### DATA SUPPLIED

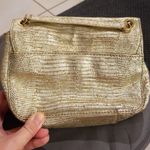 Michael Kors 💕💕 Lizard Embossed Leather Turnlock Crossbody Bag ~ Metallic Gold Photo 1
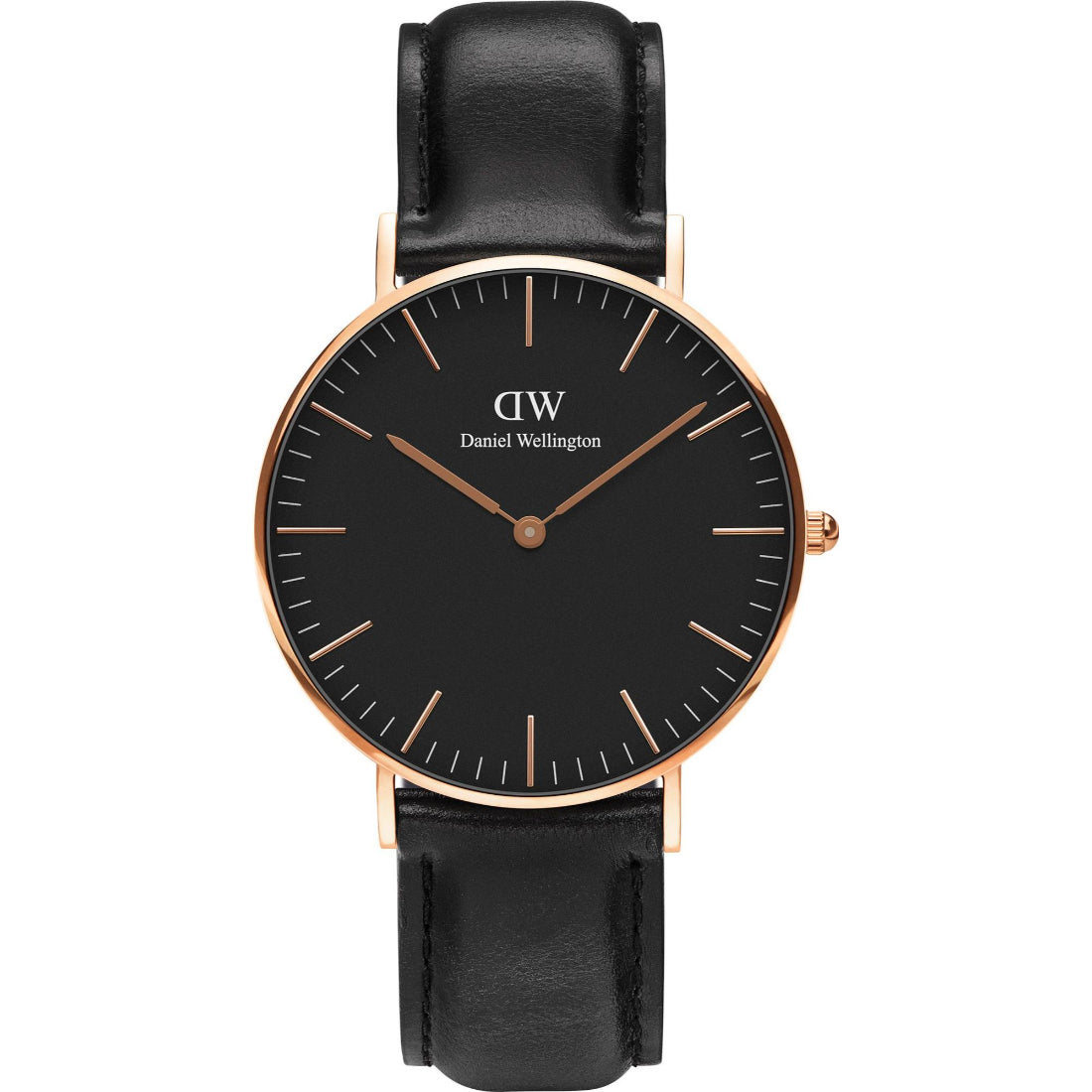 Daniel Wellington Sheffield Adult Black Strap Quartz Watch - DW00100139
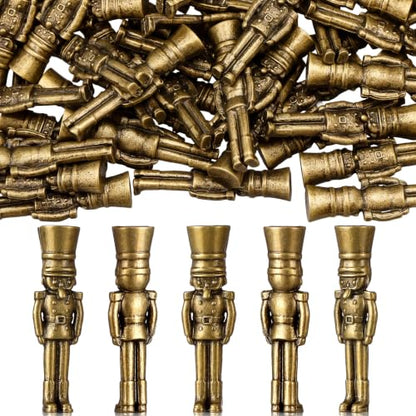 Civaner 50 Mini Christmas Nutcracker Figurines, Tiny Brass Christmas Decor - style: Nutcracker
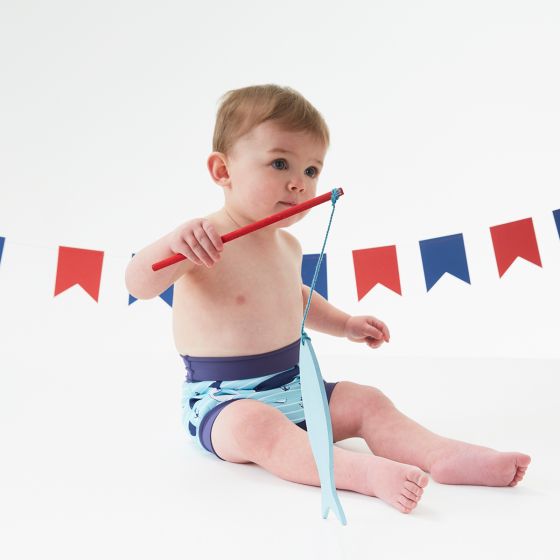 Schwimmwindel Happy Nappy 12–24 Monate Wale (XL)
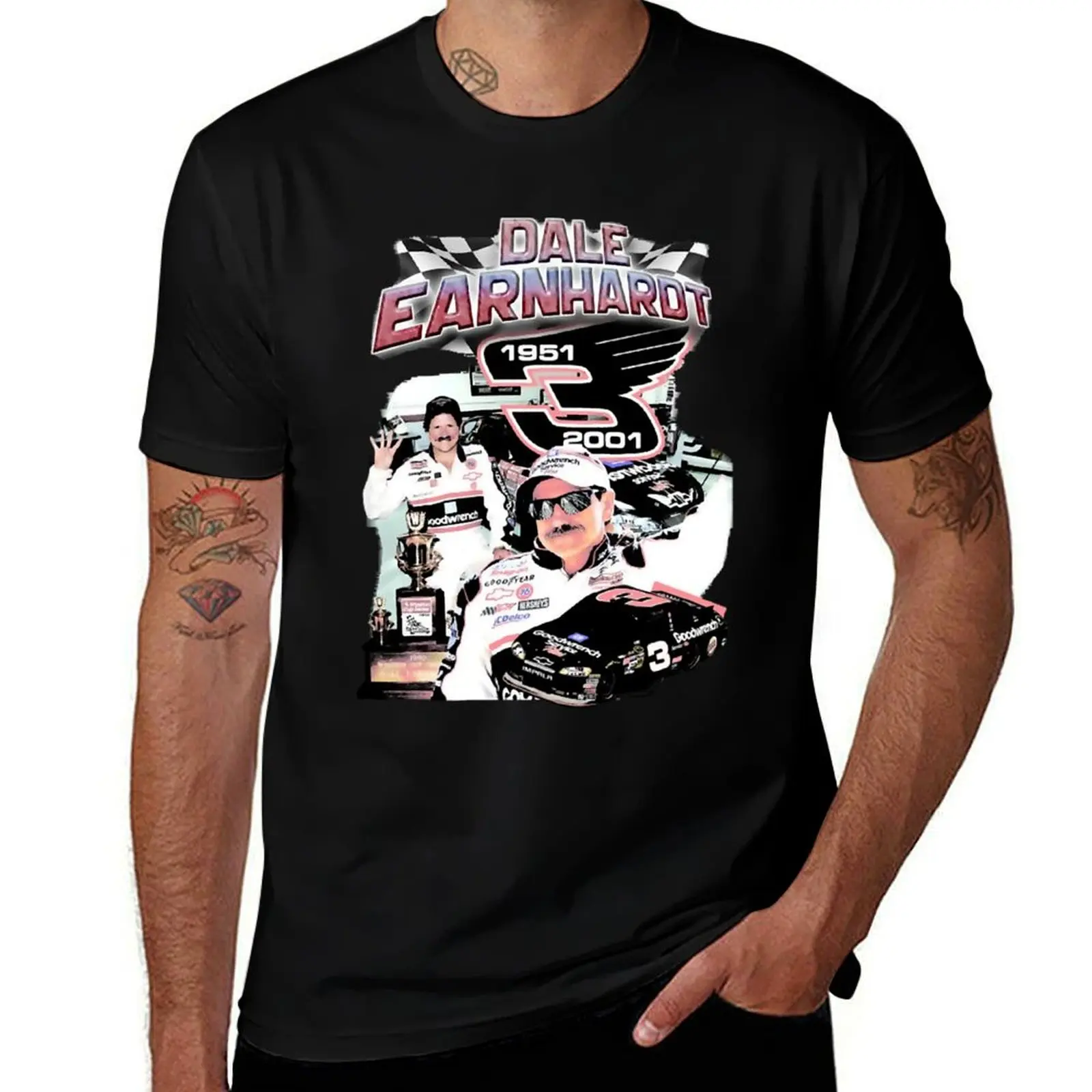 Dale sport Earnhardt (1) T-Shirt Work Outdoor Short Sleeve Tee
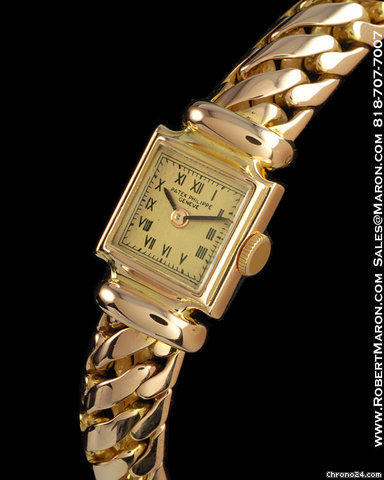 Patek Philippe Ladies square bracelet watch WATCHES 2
---
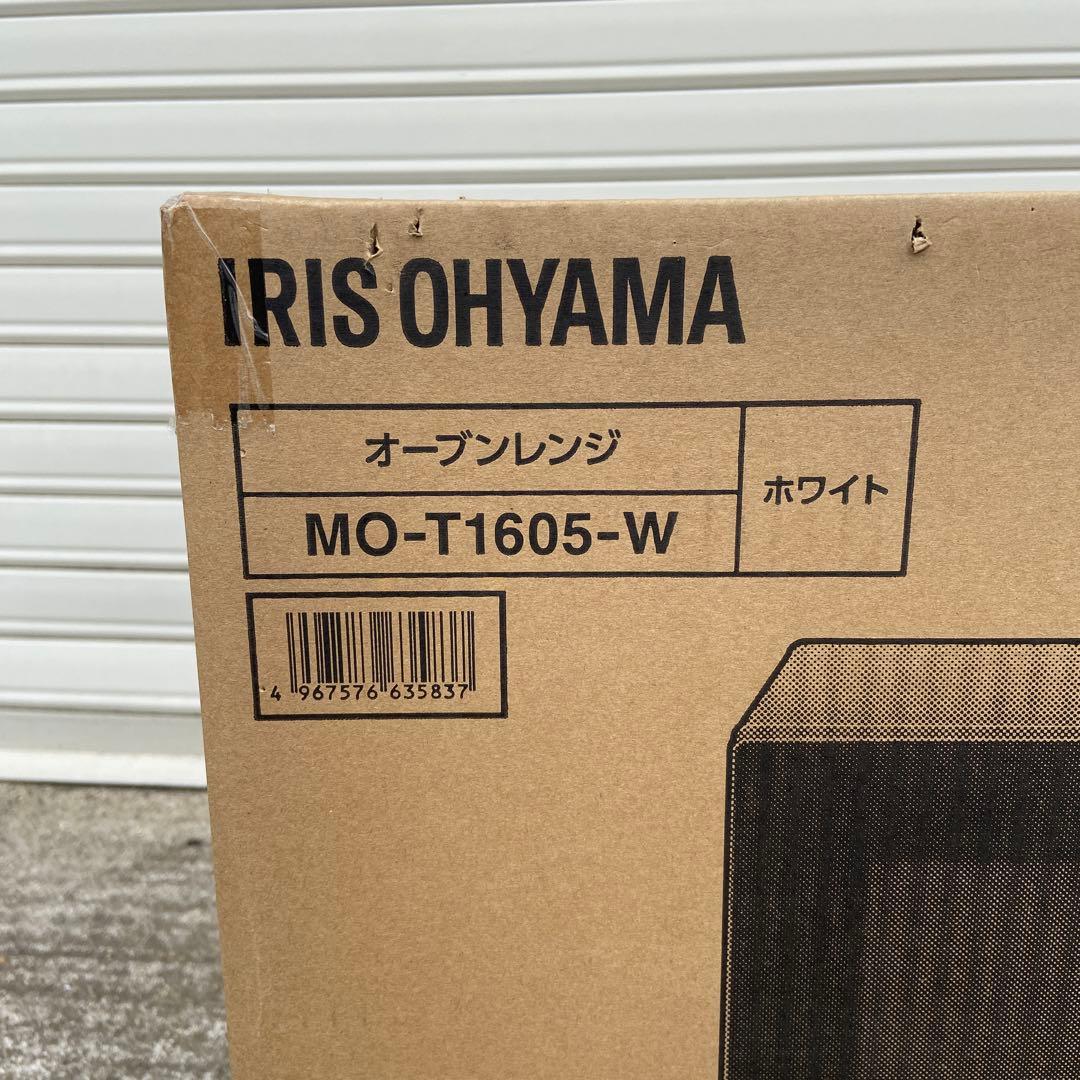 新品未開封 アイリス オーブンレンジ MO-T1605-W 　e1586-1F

### YOUR ASSIGNMENT
Range to copy from the listing above: the line containing "Michael Kors 💕💕" down to the line containing "Patek Philippe Ladies", both included. Reproduce it exactly, minus the pictures, and add nothing.

### RESPONSE TO THIS EXERCISE
 Michael Kors 💕💕 Lizard Embossed Leather Turnlock Crossbody Bag ~ Metallic Gold Photo 1
 Daniel Wellington Sheffield Adult Black Strap Quartz Watch - DW00100139
 Civaner 50 Mini Christmas Nutcracker Figurines, Tiny Brass Christmas Decor - style: Nutcracker
 Schwimmwindel Happy Nappy 12–24 Monate Wale (XL)
 Dale sport Earnhardt (1) T-Shirt Work Outdoor Short Sleeve Tee
 Patek Philippe Ladies square bracelet watch WATCHES 2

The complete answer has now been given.